U.S. Open Notebook
Casey Comes to the Defense of British Players
Sunday, June 15, 2008
SAN DIEGO, June 14 -- The latest volley in the running feud between Vijay Singh and British golfers came from England's Paul Casey after his third round at the U.S. Open on Saturday. Earlier this week, Singh was critical of players from England, calling them "lazy Brits" for not working hard enough at improving their game.
"My work rate is absolutely fine," Casey said. "Vijay's clearly is more than most other people's. But look at Monty [Colin Montgomerie]. You rarely saw him on the range, but he is absolutely brilliant. That is just his style. It is horses for courses. I think overall the British guys are working very hard."
Casey said he had not heard about Singh's comments until countryman Luke Donald, who shot even-par 142 over the first two rounds, informed him Friday.

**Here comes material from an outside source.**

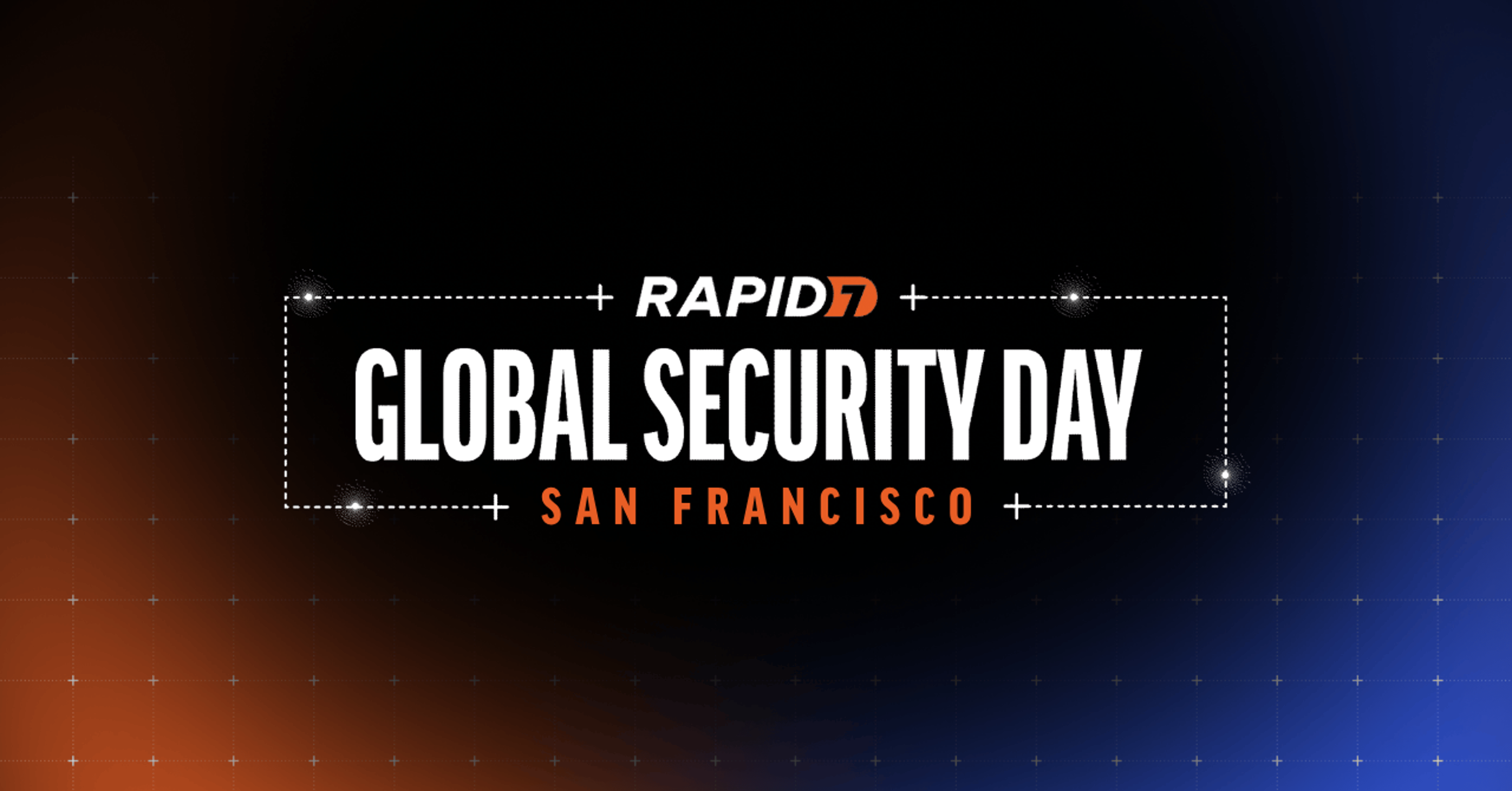 Rapid7 Security Day: San Francisco, CA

After rallying for a 70 Friday to make the cut on the number (149), Casey shot 5-over-par 76 Saturday and didn't sound like practice was in his immediate plans.
"A padded cell might be nice," he said. "I'm not sure the range is the place to go, really. To be honest, in weeks like this, sometimes you just want to get away from the golf course sometimes once you are done playing."
Two Fans Arrested
Two unruly fans were arrested late Friday afternoon after a heckling incident on the ninth hole at Torrey Pines that also involved the caddies of Adam Scott and Phil Mickelson.
Tony Navarro, Scott's veteran caddie, apparently accosted a fan who had been verbally heckling his golfer for several holes. According to the San Diego Union-Tribune, Navarro "charged the ropes that keep fans off the course, went under the ropes with his bag on his back and head-butted" one of the fans. Jim Mackay, Mickelson's caddie, then went under the ropes to help Navarro.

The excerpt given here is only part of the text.